I’ve been writing short stories since I was a child and I’ve always had this feeling that the world, nature, and animals are in a sort of alliance and unity together and they connect in a certain flow, whereas humans don’t seem to fit well in that alliance and are more isolated, more alone. When I was younger, I would ask myself: Why am I not the same as this bird? Why am I not the same as this leaf? Why are there so many restrictions and Dos and Don’ts on how I should behave? On the other hand, I was very imaginative and would make a story, a fantasy out of everything in my mind, and this fantasy and surreal themes would appear in my stories as well. Spotted Yellow’s idea started one night at a family get together, where everyone was talking about how they were progressing in their careers and other similar modern world concerns. I couldn’t really relate to what they were talking about and felt unfamiliar and like a bit of an outsider. By the time the party was over and people were saying goodbye, I decided to get away from them. I went outside and waited in the dark alley. As I turned around and looked at the other side of the alley, I saw this huge giraffe gently walking inside the alley out of nowhere, glimpsing at my direction and moving away, while the leaves of the trees were still shaking. That night when I got home, I would look at the table and see a yellow spot.

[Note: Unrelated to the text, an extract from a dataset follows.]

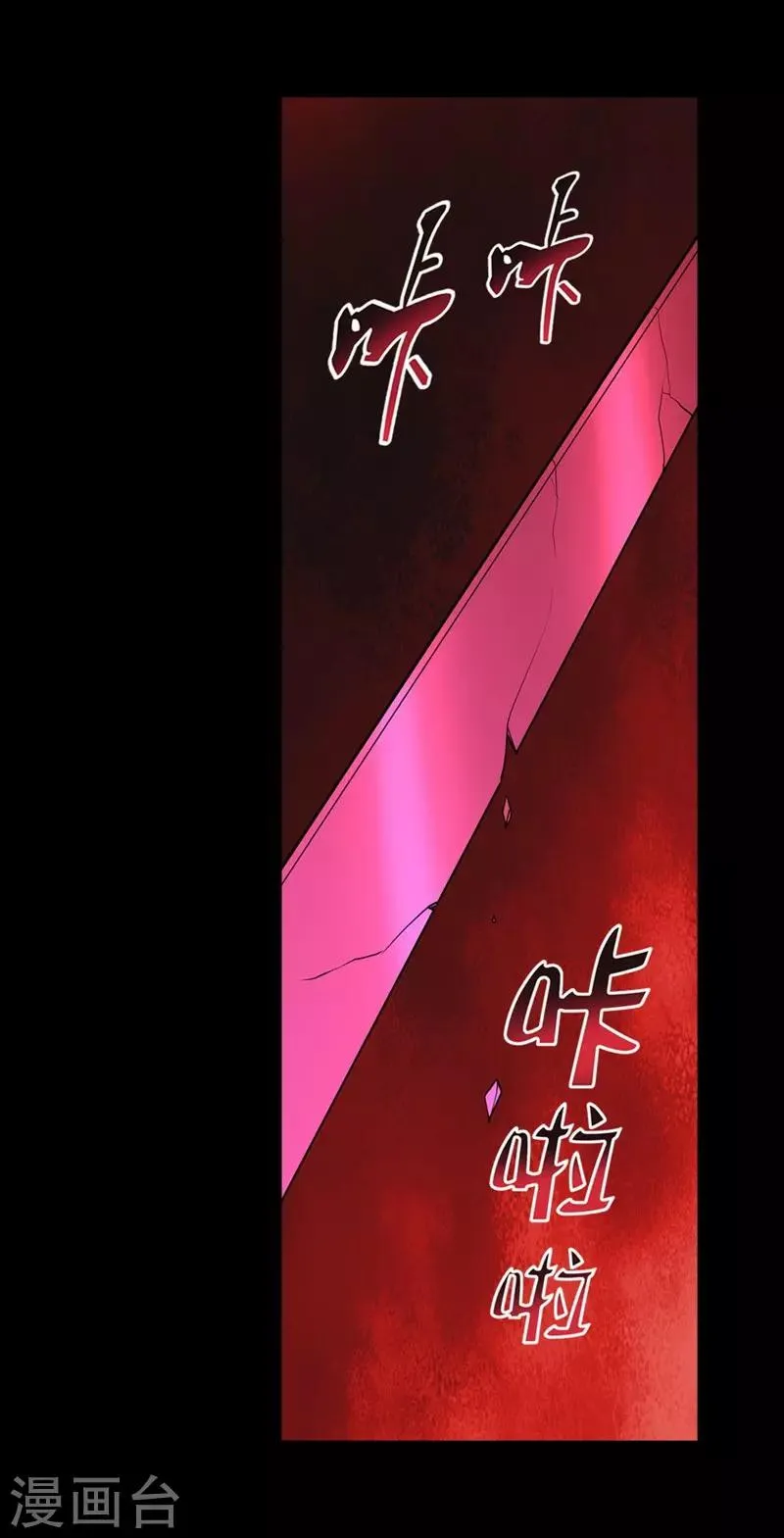  第101话 第22页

I would go to my room and see the raindrop shadows on my ceiling as yellow spots as well. I thought it could be an interesting idea to make a film about a girl who feels like she’s a giraffe or wishes to be one, due to a feeling of detachment from herself and from the world which she cannot escape, similar to what I had felt. I talked about this to Mohammad-Reza and he too was excited about making this film happen, so he started working on the script, and I on the storyboard. 

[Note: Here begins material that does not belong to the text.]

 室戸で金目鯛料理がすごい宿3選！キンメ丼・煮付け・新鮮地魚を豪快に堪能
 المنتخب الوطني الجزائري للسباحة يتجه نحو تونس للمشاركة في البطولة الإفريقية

3. How would you explain your cinematic language? What contributed to reaching this specific style?


One’s own specific language or style is something that not only directors but all artists hope and attempt to reach, and I too am trying to get there. In order for me to be able to determine that, I have to have made more films to decide whether or not I have achieved it. Spotted Yellow is my first more professionally directed film, so I can’t really say that I already have come up with my own language, however, I have tried to get to realize the themes and the moods that I’ve had in mind. One thing I’d done in this film was to have a narrative that differs from the usual linear storytelling. I tried to focus on pictures and frames, the general form of the film, dialogue, colors, and whatever helped me narrate. There’s only one actress in the film and very little dialogue, but this does not mean my film isn’t trying to tell a story; just not in the way that we are used to. I think one’s living experiences and watched films contribute to what they essentially have in mind to represent in a film, but the moment I started working on this film, I decided to treat it as a blank canvas that should be painted from scratch to create my own universe, and without the fear of failure. There are quite a few filmmakers that inspire me, but one thing I specifically enjoy is the moments that the characters get to a point of dailiness, where they discover something new. I was touched by this through Chantal Akerman’s characters. I admire Yasujiro Ozo, and the relationship of the lonely girl character and the donkey in Robert Bresson’s Au Hasard Balthazar has undoubtedly sparked something in me. I am also much interested in painting, costume designing, and photography and I persistently follow recent trends in these areas which I believe affects my taste as well.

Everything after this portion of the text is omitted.